E cosi’ le carica sul tetto di un’auto vecchiotta (e certo, su quella nuova evita) e tricche tracche arriva stracolmo di mobili e mobiletti, incluso un lavandino legato sul tetto, fino al giardino condominiale, col suo sgangherato catorcio.

Ora: e’ ovvio che, per quanto sia rispettoso delle regole fino al punto di esser autolesionista, tentera’ di parcheggiare il piu’ vicino possibile al portone, almeno per il tempo necessario a scaricare quella che per gli altri e’ una roba da zingari, ma a lui serve, e poi son fatti suoi; nel fare cio’ magari occupera’ per 10 minuti una porzione del vialetto di accesso al giardino.

Se pero’ Perfettini, il Condomino invasivo del secondo piano, si sporgera’ per caso dal balcone, X puo’ esser sicuro che lo apostrofera’ malamente, prima ancora di capire chi sia e, soprattutto, perche’ sia li’.

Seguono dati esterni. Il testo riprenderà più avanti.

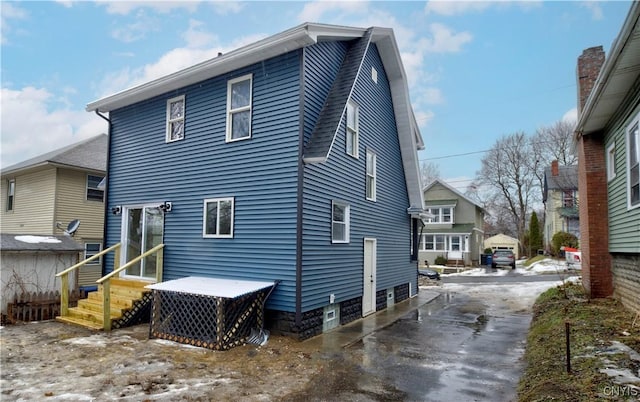 back of property featuring entry steps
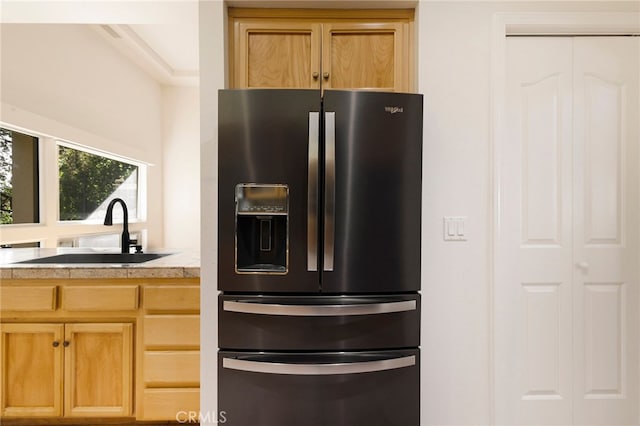 kitchen featuring black fridge, sink, and light brown cabinets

–       Non la abbandonera’ mica li’?

X non crede alle sue orecchie, e continua a scaricare le sue masserizie, fingendo un’indifferenza degna di un lord inglese: e certo, il mondo e’ pieno di gente che si fa un mazzo tanto a caricare e legare bene le sue cose e a trasportarle nel giardino di un condominio sconosciuto, ma abitatissimo, in pieno giorno, per poi abbandonare li’ oggetti e auto. Ma vai al diavolo, va.

–       Perche’ guardi che io ho una vettura larga e non ci passo – Perfettini insiste con ironia

Ora: scavando nel suo albero genealogico, X potrebbe forse scoprire che S. Maria Goretti era sua antenata, ma ritiene superflua la ricerca, visto che chiaramente i geni della nobile santa non sono passati a lui, dato l’incazzo mostruoso che gli sta salendo agli occhi.

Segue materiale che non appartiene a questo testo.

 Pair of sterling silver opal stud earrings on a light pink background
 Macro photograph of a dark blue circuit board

–       No, non la abbandono, perche’ e’ la mia macchina, regolamente pagata e collaudata: scarico in casa mia la mia roba e sposto l’auto piu’ in la’, ma sempre nel mio giardino condominiale, e lei non mi scassi i miei maroni.

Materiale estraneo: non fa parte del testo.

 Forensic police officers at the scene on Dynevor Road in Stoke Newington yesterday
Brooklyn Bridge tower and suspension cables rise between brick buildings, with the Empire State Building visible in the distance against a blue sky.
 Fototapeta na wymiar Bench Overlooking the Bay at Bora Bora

Ecco, e’ sbottato, senza manco alzare la testa, ma sollevando il lavandino con una forza tale che potrebbe anche arrivare al primo piano in testa a chi dice lui, se solo X non lo trattenesse.

–       Oooohhhhh, caro X, ma e’ lei? Ooooohhhh… Non avevo riconosciuto la sua… ehm… auto… ma non si preoccupi, tranquillo, faccia con comodo, tanto io ci passo.

Teorema di Perfettini: “Se conosci la persona che parcheggia sul vialetto, la tua auto si stringe e tu ci passi lo stesso”
Corollario di X: Se mandi a quel paese Perfettini, la sua auto si stringe di piu’, e piu’ i fretta.